Ed Miliband pushes for net-zero emissions goal ahead of UN summit
EXCLUSIVE: Former Labour leader Ed Miliband has called on the UK Government to build momentum towards the next UN climate summit by enshrining a new net-zero emissions target for 2050.
Prime Minister Theresa May this week evaded a question from Labour’s Shadow Energy Minister Alan Whitehead during Prime Minister’s Questions on whether such a target would be forthcoming, saying only that the UK was “leading the way in relation to dealing with the issue of climate change”.
Speaking exclusively to edie today (21 June), Miliband expressed his dismay at May's response, and urged the Government to set a precedent to other countries by introducing a net-zero target before December’s COP24 summit in Poland.
“It is very important that [BEIS Clean Growth Minister] Claire Perry brings up this question of net-zero,” Miliband said. “I was disappointed by Theresa May’s response in the House of Commons yesterday, but I am not sure it necessarily tells us what the Government is going to do.
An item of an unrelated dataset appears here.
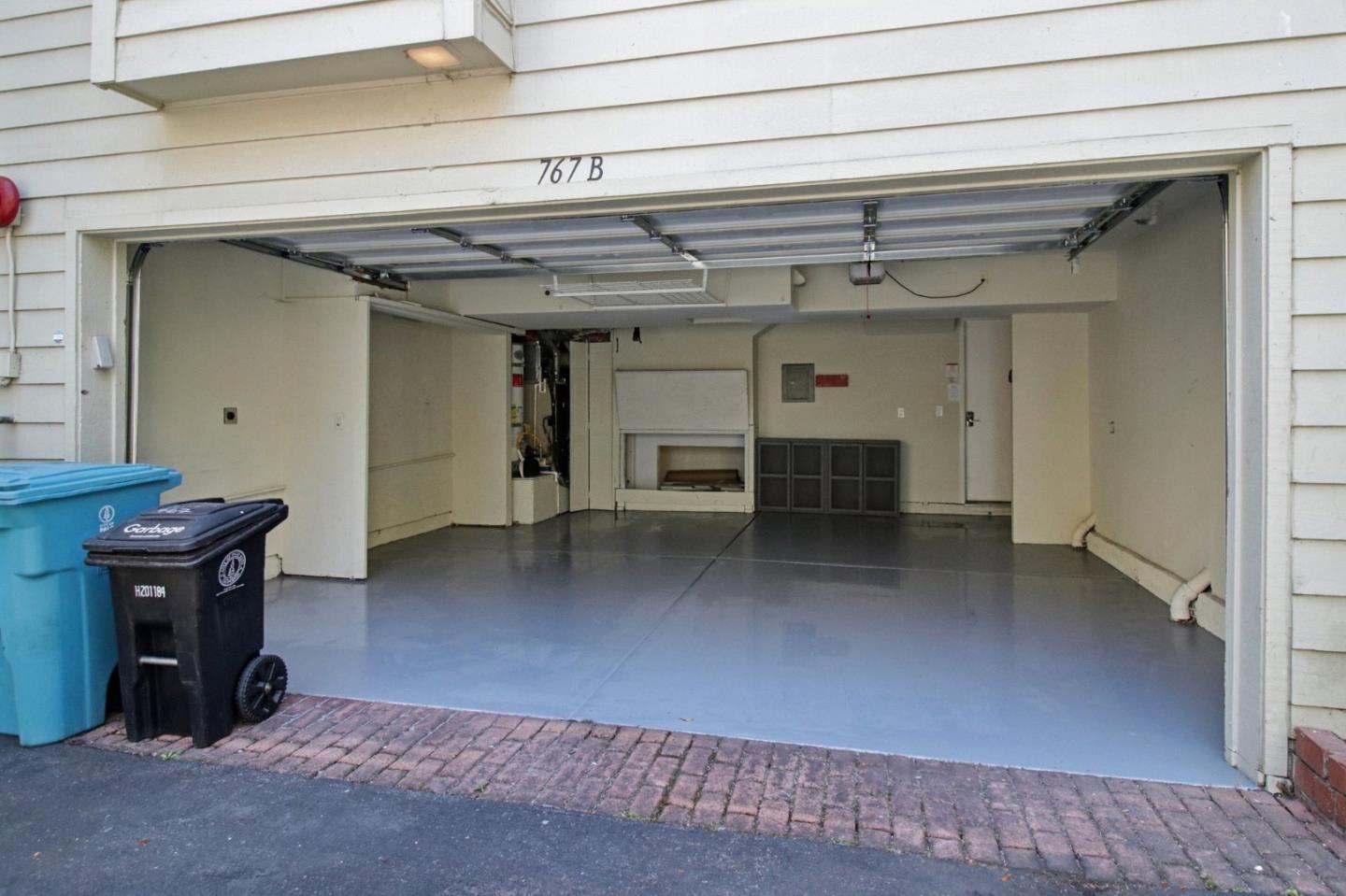 Photo #64: ML82051290 Listing: Photo #64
“To build momentum towards COP at the end of the year it is really important that the Government moves on net-zero as I do think it will have a domino effect on others. So, I am going to be pushing them. I only got an agreement two years ago from the Government in principle to put net-zero into UK law, but we now need to make that happen.”
Clean Growth Minister Perry announced in April that the Committee on Climate Change (CCC) would be instructed to provide formal advice to the Government on how the UK’s emissions targets should be adjusted to align with its commitments under the Paris Agreement.
Experts claim that a net-zero target is needed to keep the world in line with the Paris Agreement’s goal of a global temperature limited to 1.5C above pre-industrial levels.
Miliband was speaking to edie following a high-profile panel debate he was involved in to discuss progress in the decade since the UK’s 2008 Climate Change Act – the world-leading target which legally binds the UK to emissions reductions by at least 80% from 1990 levels by 2050.
The Labour MP for Doncaster North – who was lauded for his role as DECC Secretary when that 80% target was introduced – claimed during the debate that the Act has been “ahead of its time”, but admitted this was no longer the case as other countries had pushed forward with greater ambition.
Indeed, just this week, EU negotiators struck a deal which agreed to aim for a net-zero carbon economy “as early as possible”.
Miliband said that a net-zero emissions economy should form part of a ‘Triple Z’ policy suite; also consisting of a zero-carbon vehicles goal ahead of the proposed 2040 target, and a return of the axed zero-carbon homes policy, “as soon as possible”.
Other panellists at the event, organised by Policy Exchange, included Minister Perry, Lib Dem peer Baroness Featherstone and Chris Stark, chief executive of the CCC, which will publish its annual report next week detailing how the UK is progressing towards its legally binding targets.
Currently, UK emissions are down 41% from 1990 levels thanks in part to major reductions in the power industry caused by a phase-out of coal-fired power generation.
Stark hinted that his organisation’s impending document would spell out the need for work in the areas of buildings, agriculture and transport - the latter of which last year overtook power as the UK's most emitting sector.
The Government's Fifth Carbon Budget, covering 2028 to 2032, agrees to reduce emissions by an average of 57% on 1990 levels over the period.
During the panel debate, Perry attempted to alleviate longstanding concerns that the UK will miss its Fourth and Fifth Carbon Budgets in the 2020s and 2030s, citing policy measures set out in the recent Clean Growth Strategy and support from other governmental departments on climate action.
Perry said: “I think cross-government support is becoming much easier, because what everyone has realised is that deep decarbonisation and economic growth are no longer opposing objectives. The green economy is growing far faster than the traditional economy. Crucially, the workforce of the future wants to work for companies that are doing the right thing and growing in a sustainable way with a lighter footprint and innovating and creating solutions for the planet.
“It has become an absolute win-win. So whether you are sitting around the Cabinet table thinking about your portfolio, the one thing you know you need is a strong growing economy to fund your particular service area and people can see the opportunities for the UK in this space.”